Everything from the line that has "Laden Sie das" to the last line of the listing must be repeated exactly, and nothing more; omit the pictures.

• [Source material]
========================================

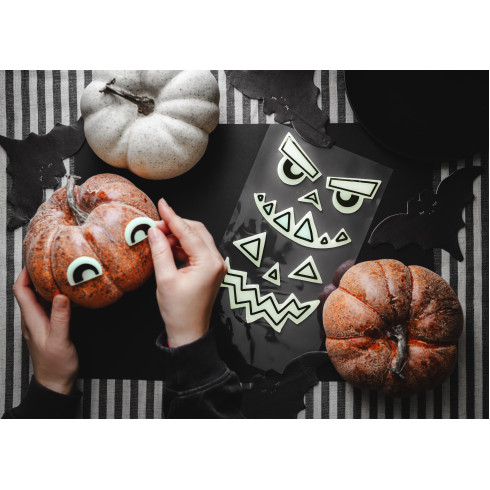 Svetleče gel nalepke za bučo – 2 kosa, Halloween obrazi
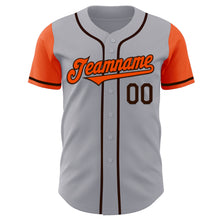 Laden Sie das Bild in den Galerie-Viewer, Custom Gray Orange-Brown Authentic Two Tone Baseball Jersey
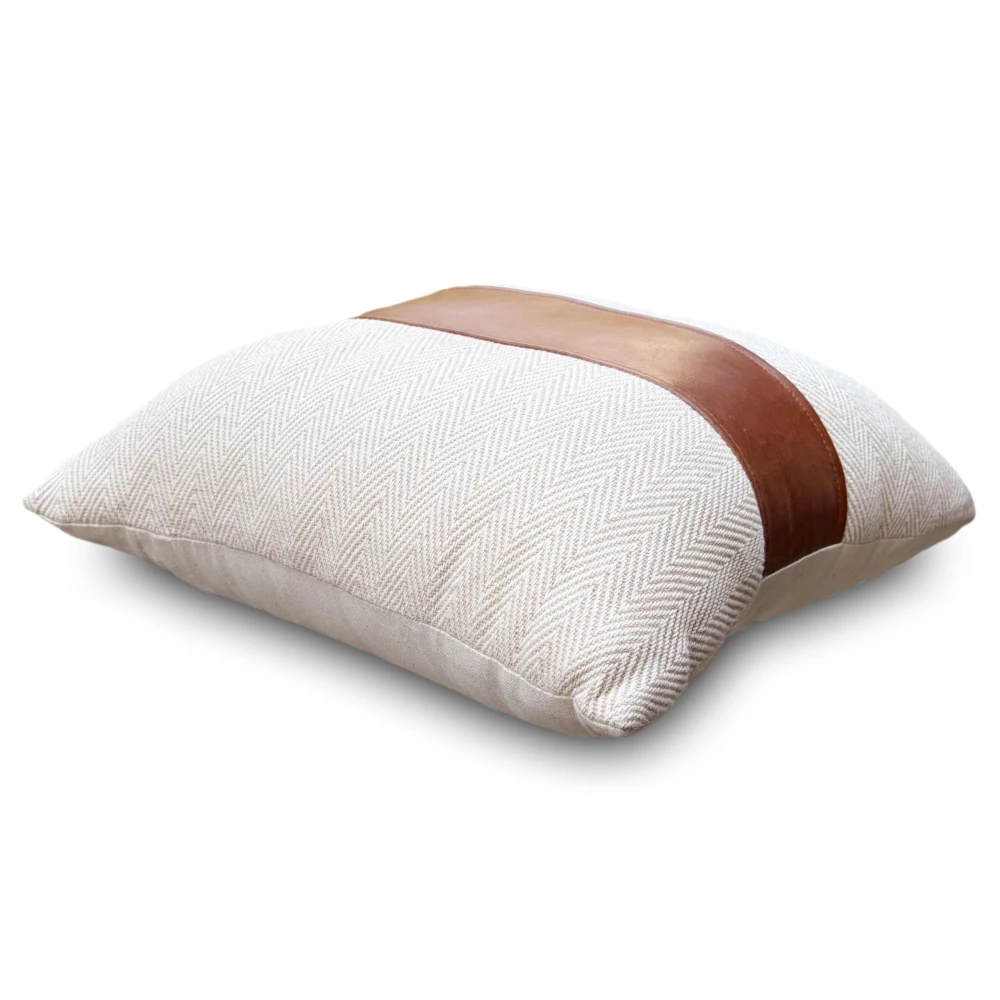 KOSTORICA, Herringbone Chevron Stripe Boho Faux Leather Woven Cushion Covers for Bedroom, Living Room, Home Décor, Office, Sofa, Chair & Couch (Beige & Tan Brown_Pack of 2 Pcs_16x16 Inches)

========================================

• [Response to the task]
 Laden Sie das Bild in den Galerie-Viewer, Custom Gray Orange-Brown Authentic Two Tone Baseball Jersey
 KOSTORICA, Herringbone Chevron Stripe Boho Faux Leather Woven Cushion Covers for Bedroom, Living Room, Home Décor, Office, Sofa, Chair & Couch (Beige & Tan Brown_Pack of 2 Pcs_16x16 Inches)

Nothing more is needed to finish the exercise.